The role of the Gestapo emerged when Naujocks was ordered to Oppelin, a small Silesian town forty miles north of Gleiwitz. There, Heinrich Muller (Heydrich's SS representative) and SS-Oberführer Herbert Mehlhorn explained that the Gestapo had been ordered by Heydrich to provide a commodity referred to as “Konserven” (Canned Goods). The commodity in question turned out to be a dozen prisoners who were under sentences of death in concentration camps but had been identified by Muller as expendable in the interests of the Third Reich.

At Nuremberg, Naujocks testified:

“Muller declared that he had 12 or 13 condemned criminals who would be dressed in Polish uniforms and left for dead on the spot to show that they had been killed in the course of the attack. To this end they had to be given fatal injections by a doctor in Heydrich's service. Later they would also be given genuine wounds inflicted by firearms. After the incident members of the foreign press and other persons were to be taken to the spot. A police report would then be made. Muller told me that he had an order from Heydrich telling him to put one of these criminals at my disposal for the Gleiwitz action[21].”

The criminal in question, a Pole, was anaesthetized and brought to the radio station, where he was then shot. The body was photographed on the spot for the benefit of the press. The attack on the station then went ahead. A Polish-speaking member of Naujocks's team broke into a broadcast in accented German “This is the Polish rebel force radio station: Gleiwitz is in our hands. The hour of freedom has struck![22]

Muller had pretended to his Polish-uniformed prisoners in “Canned Goods” that they were taking part in a film and that, in exchange for their patriotic participation in the action, they would be pardoned and set free. The radio station secured, Naujocks and his men promptly retired. The dead bodies of the conscript “actors” were left on the scene. They were not the only witnesses to be disposed of, which goes some way to explaining why details of the affair did not leak out. All participating members of the SD who had been involved, with the exception of Naujocks, were liquidated[23]. The entire affair was a source of immense satisfaction to the Berlin SS Mandarins. This was a highly successful operation between the SD and the Gestapo, as well Canaris' Abwehr, represented by Schindler and his team[24].

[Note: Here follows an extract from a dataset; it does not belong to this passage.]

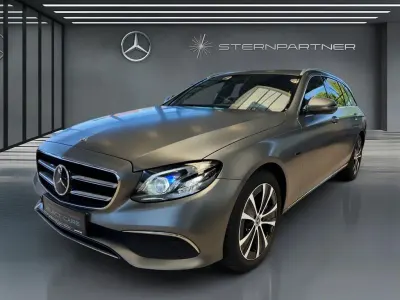 Gebraucht Mercedes E300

Hitler's plan to invade Poland was disguised by the code word 'Fall Weiss'. At 4.45am on the 1st September, 1939, the war had begun. By the 6th September, Krakow was occupied by German units belonging to the 14th army of the Wehrmacht. General Sigmund List had secured the city, despite fierce opposition from the Polish forces.

On 17 October, 1939[25], Joseph Aue, who had been avoiding Zeiler, met him by chance in a street in Moravska Ostrava. Zeiler invited Aue back to the Cafe Royal to talk about possible work. At the Cafe Royal, Zeiler introduced Aue to his Abwehr associates who included his present woman friend, a Pole, named Marta[26]? Both Schindler and Aue had witnessed the rounding up of Jews in the city and then being marched to the railway station. The Jews were being deported by train to the Lublin region of Poland, initiated by the Nazis 'Jewish resettlement' policy.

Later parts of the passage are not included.